─── Material provided

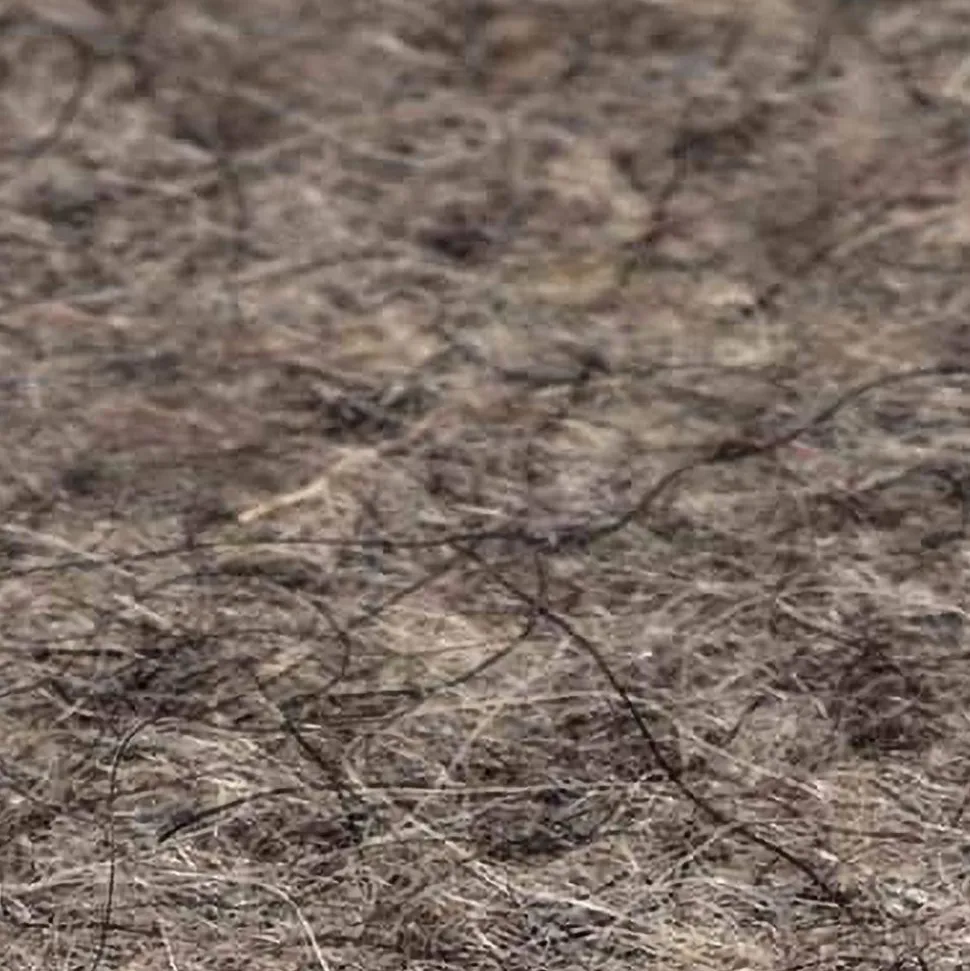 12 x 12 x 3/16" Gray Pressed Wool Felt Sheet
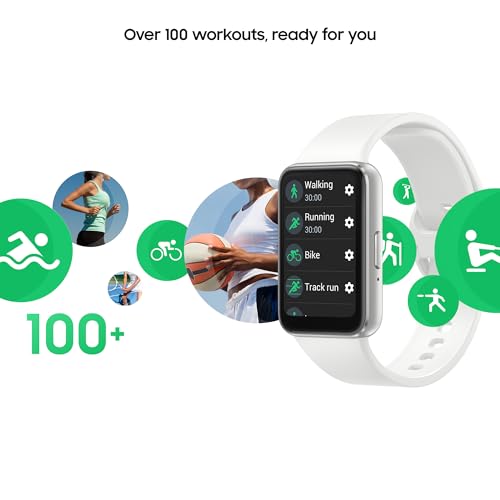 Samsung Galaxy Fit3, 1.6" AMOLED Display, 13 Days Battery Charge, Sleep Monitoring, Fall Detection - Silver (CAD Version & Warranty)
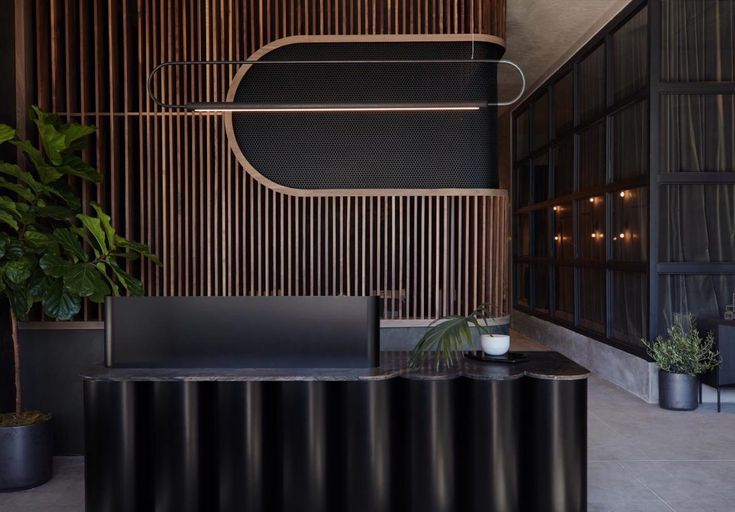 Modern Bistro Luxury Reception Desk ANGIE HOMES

──────
─── Material provided

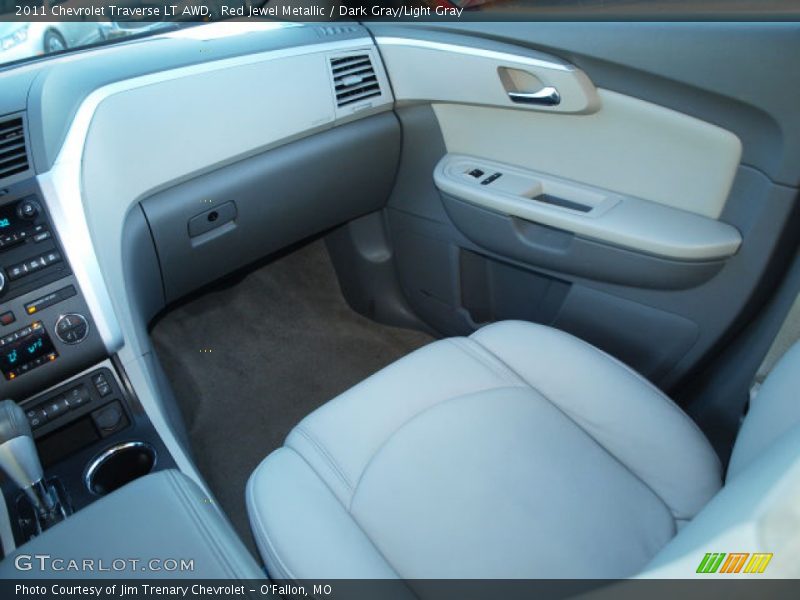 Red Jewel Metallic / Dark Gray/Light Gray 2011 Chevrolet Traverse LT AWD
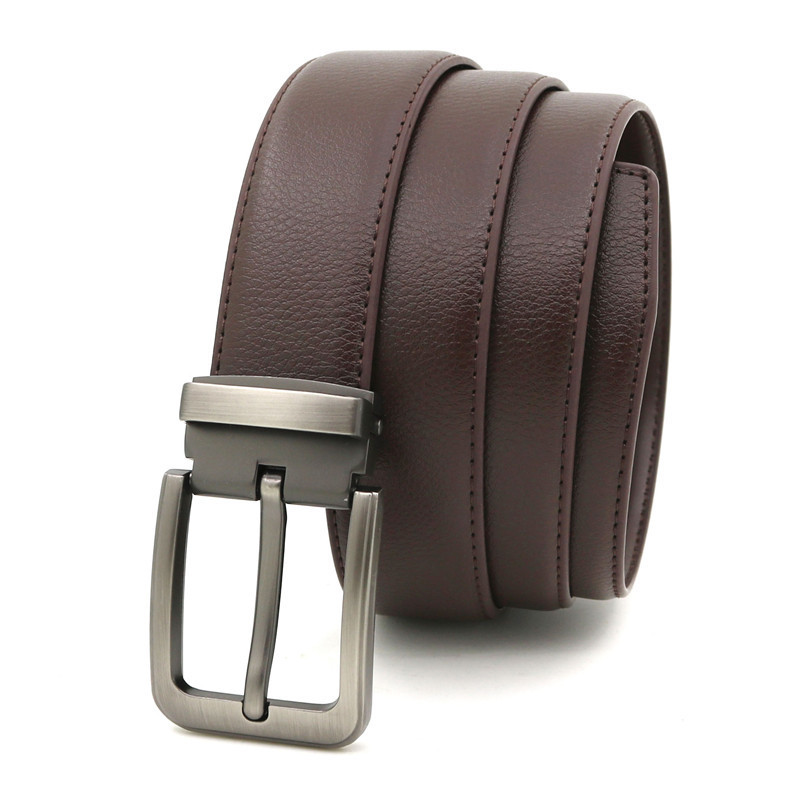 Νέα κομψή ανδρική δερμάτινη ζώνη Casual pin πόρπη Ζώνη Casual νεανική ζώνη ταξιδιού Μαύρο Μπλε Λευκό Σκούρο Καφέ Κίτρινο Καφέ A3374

──────

## Exercise prompt
Only the lines above from the one containing "Wool Felt Sheet" through the one containing "Modern Bistro Luxury" should be returned, verbatim and inclusive, with pictures excluded.

## Completed exercise
 12 x 12 x 3/16" Gray Pressed Wool Felt Sheet
 Samsung Galaxy Fit3, 1.6" AMOLED Display, 13 Days Battery Charge, Sleep Monitoring, Fall Detection - Silver (CAD Version & Warranty)
 Modern Bistro Luxury Reception Desk ANGIE HOMES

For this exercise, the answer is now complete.